Épaulé par son frère sur certaines phases de percussions, le compositeur construit sa musique pièce par pièce, en solo : « 60 % sont des samples de moi-même, d’amis ou d’autres disques. Les autres 40 % sont des parties que je joue live, mais ce chiffre augmente ! Quand j’ai commencé à faire de la musique, tout était basé sur les samples, mais avec le temps, la confiance s’installe ». Sur les 15 titres au groove si particulier qui composent l’album, Reginald étale ses nombreuses influences sans vergogne et en toute spontanéité, utilisant l’avantage d’être en solo pour arranger sa configuration minimaliste comme il le souhaite : « quand j’étais ado, j’écoutais beaucoup de soul ou de funk américain, se rappelle-t-il, et le hip-hop est venu s’enraciner dans ma manière de composer. Ajouter de vraies parties instrumentales a été un processus long de 15 ans ».
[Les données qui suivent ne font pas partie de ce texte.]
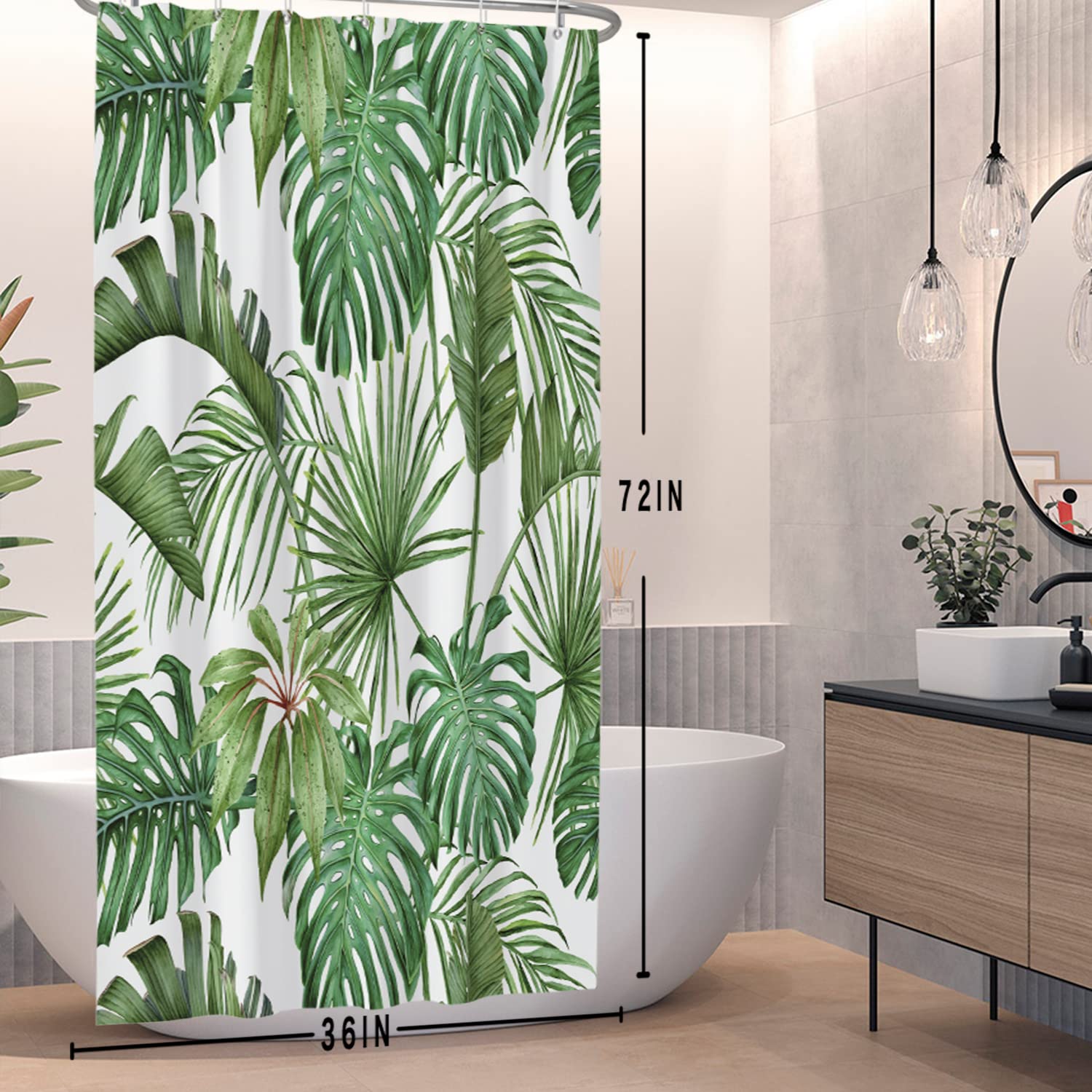 SDOTPMT 36x72 Inch Watercolor Green Palm Leaves Shower Curtain Summer Tropical Botanical Plants Bath Curtain Jungle Banana Monster Leaf Shower Curtain Fabric Polyester for Bathroom with Hooks — image 1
Ainsi, des morceaux comme ‘In search of Balance’, ‘so’, ou ‘Mother Liza’ sont des petites pépites indescriptibles dans lesquelles les Caraïbes et l’Afrique embrassent Londres et les États-Unis. Percussions, Fender Rhodes et synthétiseurs s’allient pour aider Reginald à exprimer sa nature enfouie, ces musiques à l’origine riches qu’il transpose à sa manière, sans l’aide d’autres musiciens : « travailler avec un groupe serait vraiment quelque chose de nouveau pour moi. Faire les choses seul est devenu naturel. Ce que l’on ne connaît pas ne nous manque pas. Je n’ai pas nécessairement appris à faire du son sega ou maloya, mais c’est en moi, ces influences ressortent naturellement dans ma musique. »

Histoire, interrogations universelles, amourettes d’été et lunettes de soleil accompagnent ici la recette de cet album funky signé par un artiste humble et complet à garder définitivement dans le viseur.

L’albumWhere We Going? est disponible depuis le 10 mai 2019 chez Five Easy Pieces.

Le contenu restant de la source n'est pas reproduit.